« Nous continuerons, professeur. Nous continuerons ce combat pour la liberté et pour la raison dont vous êtes désormais le visage. Parce que nous vous le devons, parce qu’en France, professeur, les Lumières ne s’éteignent jamais », a déclaré Emmanuel Macron dans son hommage à Samuel Paty. Le président français a l’érigé en martyr de la liberté d’expression, « tué précisément parce qu’il incarnait la République ». Entre les statues de Louis Pasteur et de Victor Hugo, Emmanuel Macron ne s’est pas attardé sur le terrorisme islamiste. « Ce soir, je ne parlerai pas du cortège de terroristes, de leurs complices, et de tous les lâches qui ont commis et rendu possible cet attentat. Je ne parlerai pas de ceux qui ont livré son nom aux barbares. Ils ne le méritent pas. De nom, eux n’en ont même plus », a-t-il déclaré.
Pour le président français, « Samuel Paty incarnait ce professeur dont rêvait Jaurès. Celui qui donne à voir ce qu’est la civilisation, celui qui s’était donné pour tâche de faire des républicains ». Au fil de son discours, c’est un hommage au métier des enseignants et au rôle de ces derniers dans la République qu’a déployé Emmanuel Macron. « Vendredi soir, j’ai d’abord cru à la folie aléatoire, à l’arbitraire absurde. Une victime de plus du terrorisme gratuit. Samuel Paty est devenu, vendredi, le visage de la République. De notre volonté de briser les terroristes, de réduire les islamistes», a-t-il poursuivi. Puis, il l’a assuré : « Nous ne renoncerons pas aux caricatures, aux dessins ». Décapité en pleine rue par un terroriste islamiste, qui l’a assassiné pour avoir présenté des caricatures de Mahomet à ses élèves de quatrième, ce professeur d’histoire-géographie a été décoré de la Légion d’honneur à titre posthume.
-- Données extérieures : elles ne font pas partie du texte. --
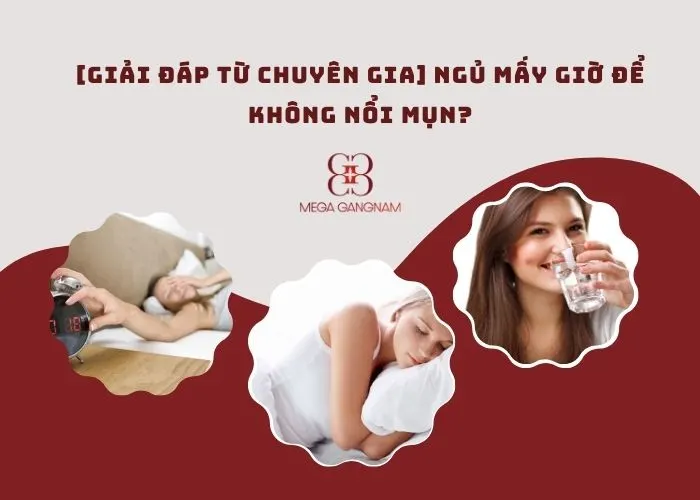 Ngủ mấy giờ để không nổi mụn?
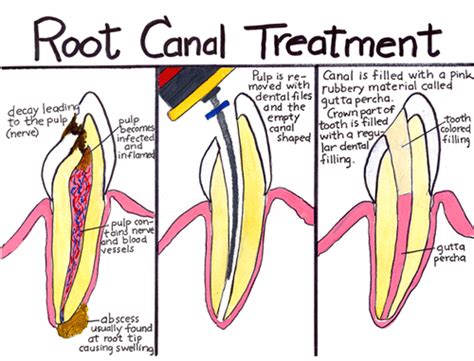 STEPS IN ROOT CANAL TREATMENT | DENTALORG.COM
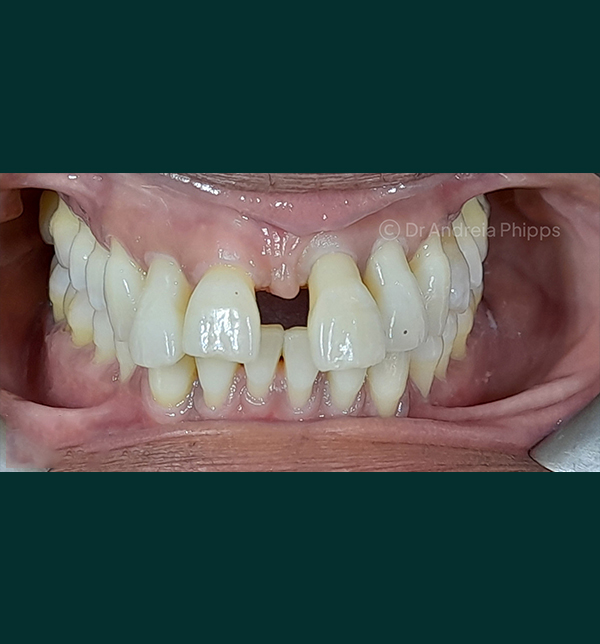 Dental condition before emergency treatment at London clinic - Case 1
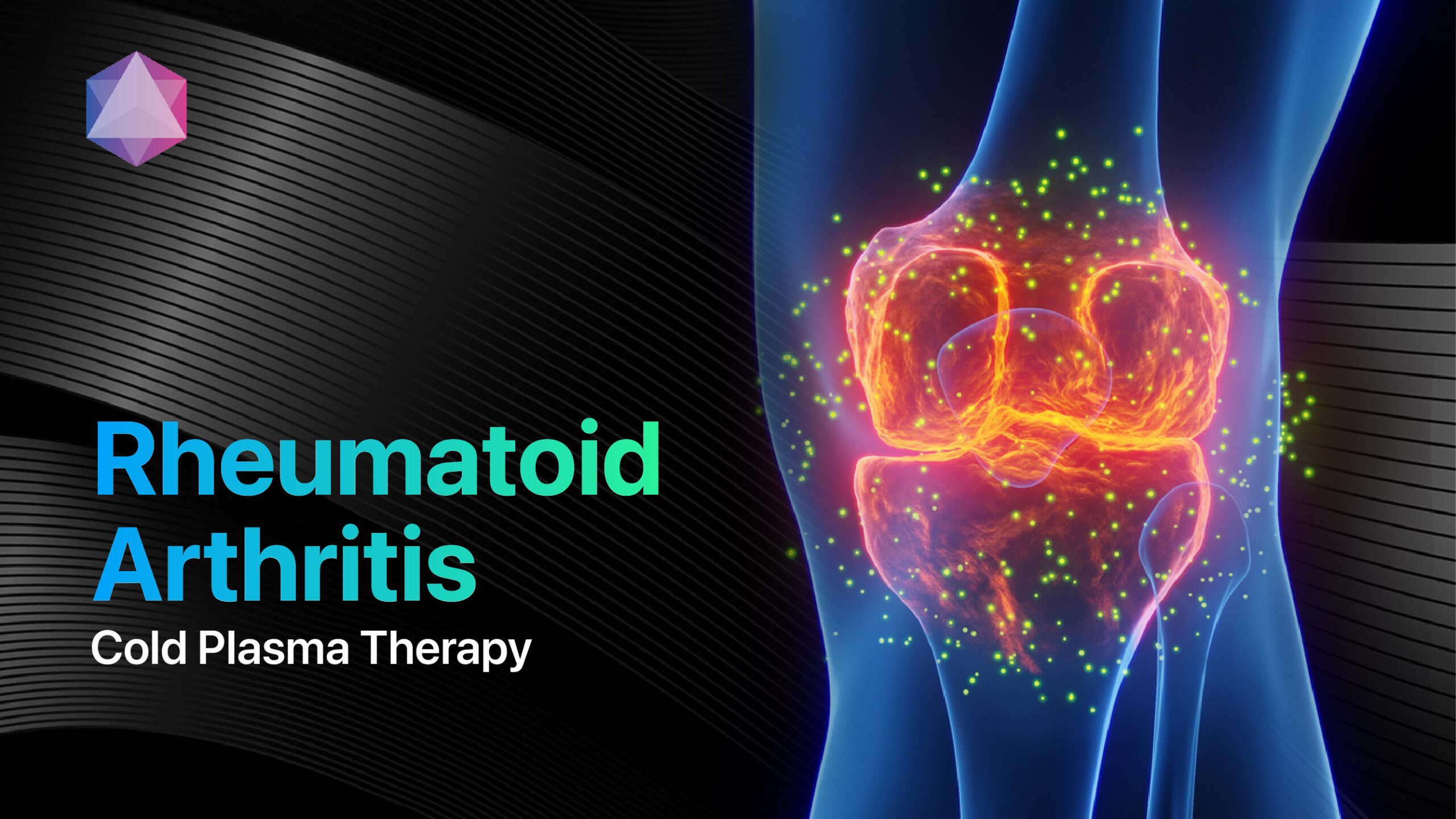 Featured image for “Rheumatoid Arthritis Relief: The Power of Cold Plasma Therapy”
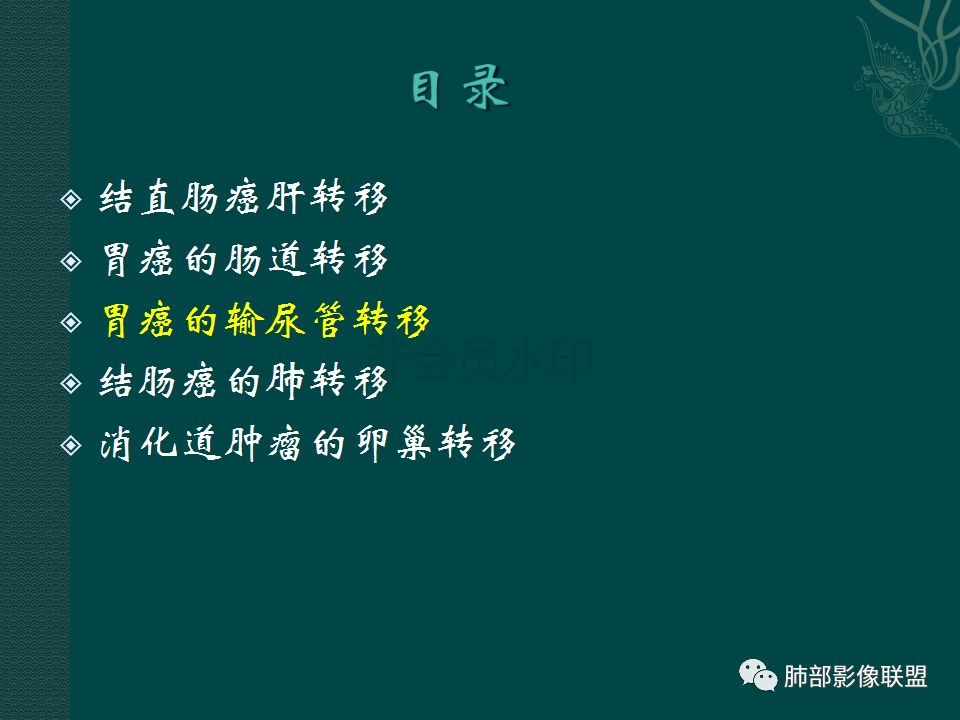 影像PPT - 【PPT】胃肠道肿瘤特征性影像浅析-35 影像PPT - 【PPT】胃肠道肿瘤特征性影像浅析-35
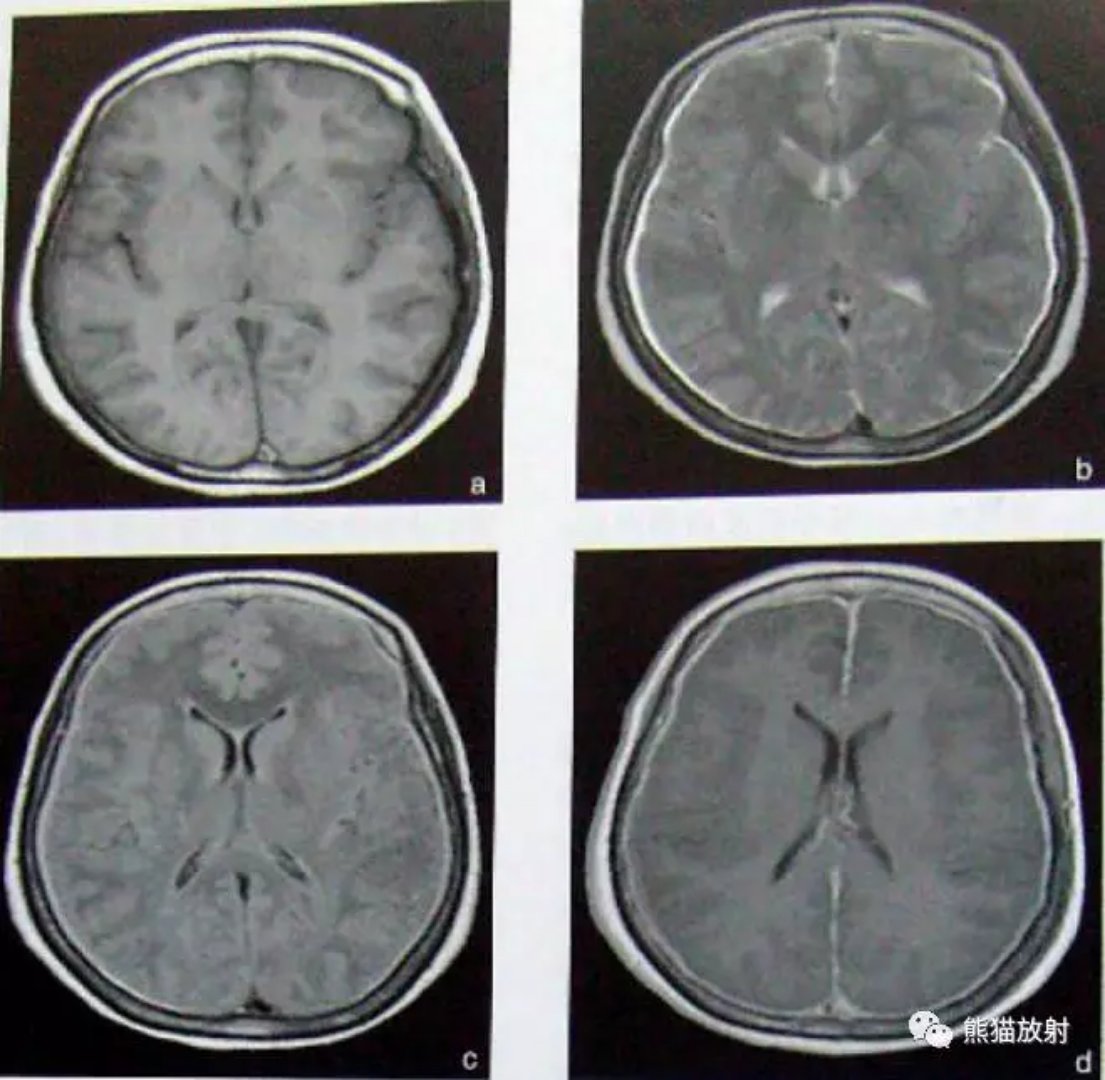 7种颅内感染性病变CT表现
Plus d’une semaine après l’assassinat barbare de Samuel Paty, près de Conflans-Sainte-Honorine (Yvelines), des interrogations perdurent malgré les avancées enregistrées dans les enquêteurs. Trois proches du terroriste ont été mis en examen, soupçonnés d’avoir apporté une aide matérielle à Abdoullakh Anzorov, le meurtrier. Azim E., âgé de 19 ans et ami de longue date d’Abdoullakh Anzorov, est suspecté de l’avoir accompagné la veille des faits dans une coutellerie de Rouen pour l’achat d’un couteau. Une arme retrouvée à proximité du corps du terroriste. Naïm B., âgé de 18 ans, a quant à lui déclaré avoir véhiculé le terroriste à proximité du collège. Enfin, Yussuf C., âgé de 18 ans, est mis en examen du fait de « contacts très rapprochés » avec Abdoullakh Anzorov, et « du partage manifeste de leur idéologie radicale », selon les mots du procureur. Naïm B. et Azim E. ont été mis en examen pour « complicité d’assassinat en relation avec une entreprise terroriste ». Yussuf C. a lui été mis en examen pour « association de malfaiteurs terroriste en vue de commettre des crimes d’atteintes aux personnes ».
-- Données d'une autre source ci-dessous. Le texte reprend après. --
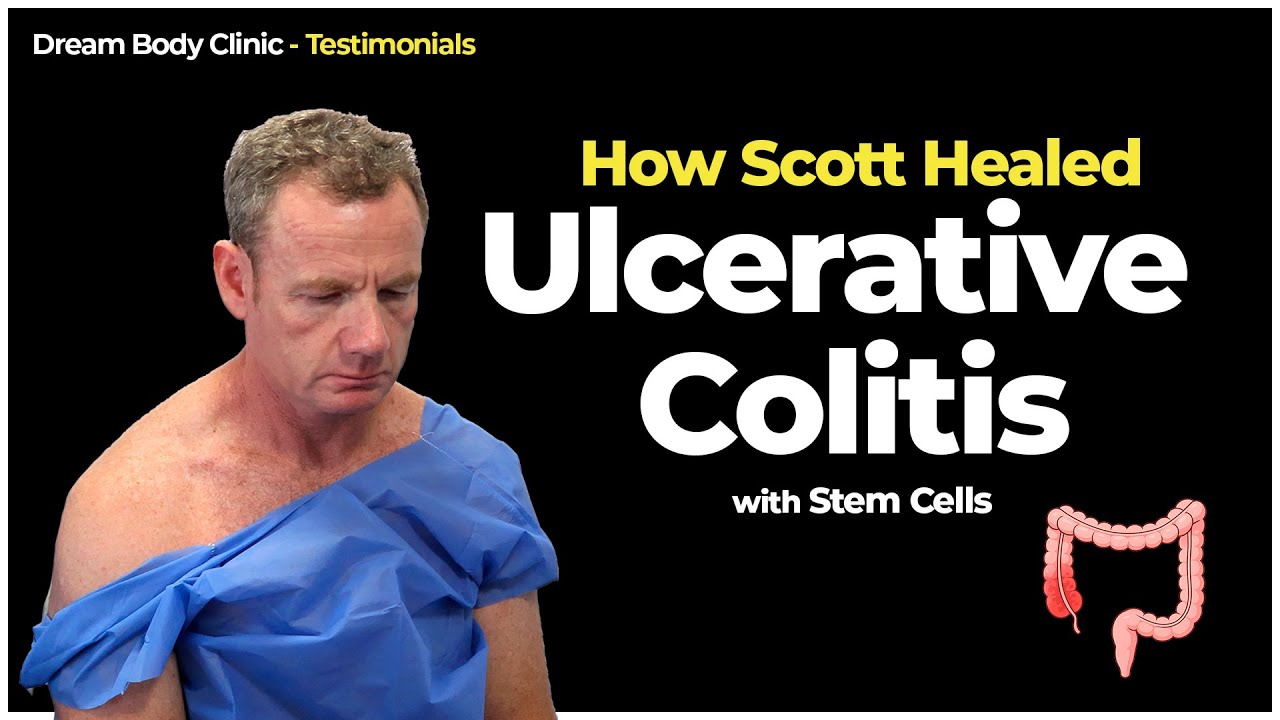 How Scott Healed Ulcerative Colitis with Stem Cells | DBC Stem Cells 2026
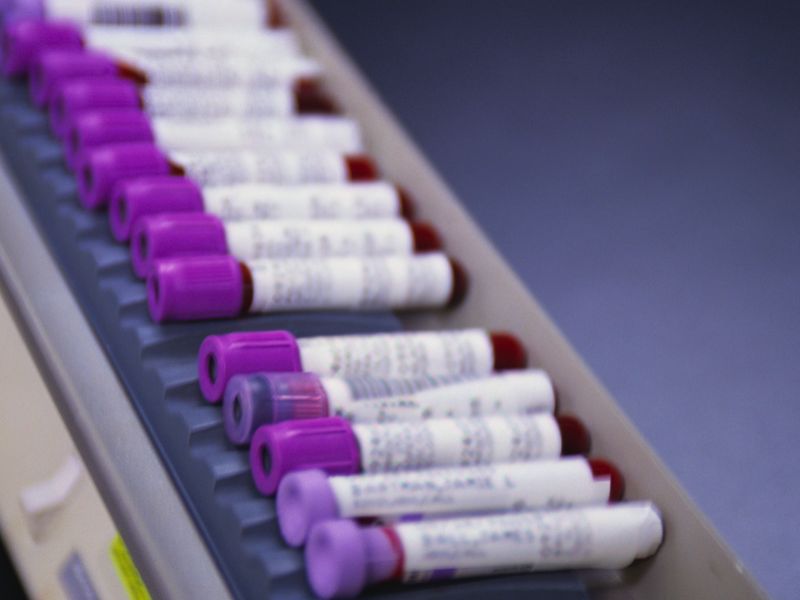 More Laboratory Tests Performed at Major Teaching Hospitals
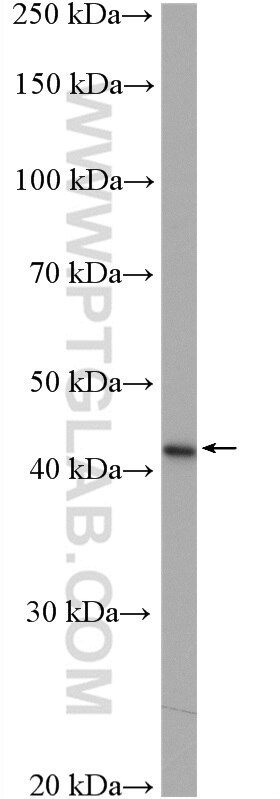 Western Blot (WB) analysis of human saliva using SERPINB3/4 Polyclonal antibody (26558-1-AP)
Deux mineurs de 14 et 15 ans, soupçonnés d’avoir reçu de l’argent de la part de l’assaillant, ont été mis en examen pour « complicité d’assassinat en relation avec une entreprise terroriste » et remis en liberté sous contrôle judiciaire. Ils sont soupçonnés d’avoir fourni au terroriste, contre de l’argent, des renseignements sur Samuel Paty. L’identification du professeur par l’assaillant « n’a été rendue possible que grâce à l’intervention de collégiens », a affirmé le procureur.
Enfin, Brahim C. et Abdelhakim Sefrioui ont été mis en examen pour « complicité d’assassinat terroriste ». Le premier est le parent d’élève du collège du Bois d’Aulne à l’origine des vidéos diffusés sur les réseaux sociaux et réclamant des sanctions contre le professeur. Dans l’une des vidéos, rapidement devenue virale, il traite notamment le professeur de « voyou ». Il a également donné sur les réseaux sociaux le nom de Samuel Paty et l’adresse du collège. Les enquêteurs antiterroristes s’intéressent aussi à des messages échangés entre ce père de famille et Abdoullakh Anzorov.
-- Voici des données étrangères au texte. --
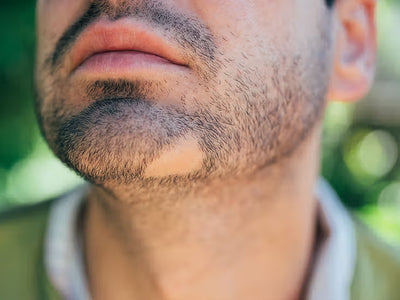 Beard Alopecia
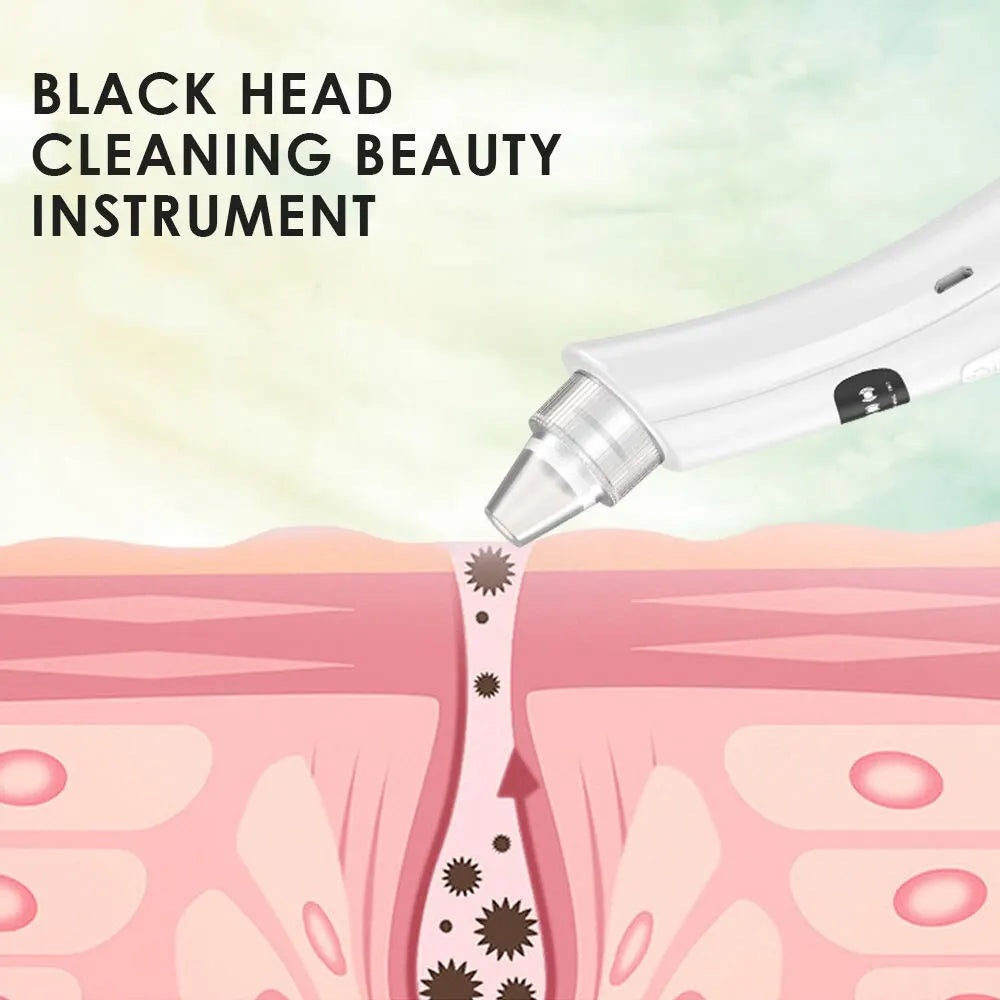 Veloura Deep Pore Cleansing Vacuum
Figure de l’islam radical, Abdelhakim Sefrioui s’est rendu au collège pour en rencontrer la principale et se plaindre de Samuel Paty. Il est ensuite apparu dans une vidéo où il se présente comme « membre du Conseil des imams de France ». Il y déclare qu’«Emmanuel Macron a attisé la haine contre les musulmans » et que l’enseignant « est un voyou ». Le procureur antiterroriste établit « un lien de causalité direct » entre les agissements du parent d’élève, et d’Abdelhakim Sefrioui et la mort de l’enseignant.